GEORGE NEWS - Judgment in a bail application hearing relating to charges of human trafficking will be heard in the George Magistrate's Court tomorrow, Friday 9 February.
This comes after a 34-year-old woman was arrested by the Hawks in George on 16 December last year, following information they received three days prior.
The state is opposing bail on the grounds that the accused could flee the country illegally.
The suspect faces six charges relating to human trafficking and sexual offences, after the Hawks found two Nigerian women, both aged 21, at her apartment in the CBD.
Both women were allegedly lured to South Africa with promises of a career in the beauty industry.
According to a statement issued by the Hawks, the victims were given fake passports and documentation in Nigeria in order for them to travel to South Africa.
"Information was that the girls were advertised on an escort website and were kept in a residential complex in George," read the statement.
Upon a search of the suspect's apartment, the Hawks found four women. Two were self-confessed sex workers from Zimbabwe and South Africa, and the other two were the young victims who were allegedly trafficked from Nigeria inside a shipping container a few months before. The victims underwent a medical assessment and are now kept in a place of safety.

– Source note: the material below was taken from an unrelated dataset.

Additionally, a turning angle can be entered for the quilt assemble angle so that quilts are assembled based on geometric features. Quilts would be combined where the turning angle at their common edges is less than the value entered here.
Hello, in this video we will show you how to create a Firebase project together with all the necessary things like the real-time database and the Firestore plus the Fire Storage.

If found guilty, the accused could face life imprisonment and/or a massive fine of R100m.
All four the women, as well as the suspect, shared the two-bedroom flat from where the suspect allegedly operated a brothel.

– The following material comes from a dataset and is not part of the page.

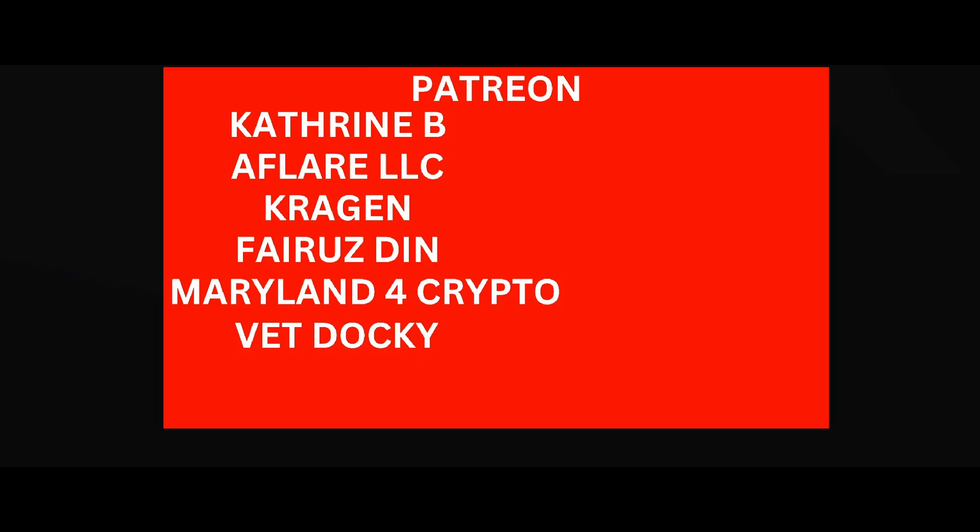Good morning Cardano army, it's your boy Boomin coming at you with yet another video. Go ahead and do all the things that the algorithm likes for me. Thank you to our wonderful Patreon subscribers Catherine B, Alpha LLC, Crag of Ruse, Dan Maryland for Crypto, and VT Doki. Join the Patreon army today. Really appreciate you guys, let's get the show started.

According to the investigating officer's testimony during the bail application, the young women told her their passports were confiscated the moment they set foot in South Africa after promises of employment in the beauty industry were made to them.
After they arrived in the country they were allegedly forced to become sex workers in order to repay the costs that had been incurred to get them to South Africa.
Due to alleged threats made on their lives and that of their families, they had no hope of going home, or even dared to report it to the police.
The investigating officer testified that the girls allegedly had to pay the suspect R350 per day.
During the suspect's testimony she denied having any knowledge about how or why the girls came to her and said she had no idea that the girls were in South Africa illegally or that they could have been victims of human trafficking.
She told the court that they rented a room from her for which she charged them R350 if they had clients.
If they didn't have clients for the day, they did not have to pay. According to her the money was allocated to contributing towards the household.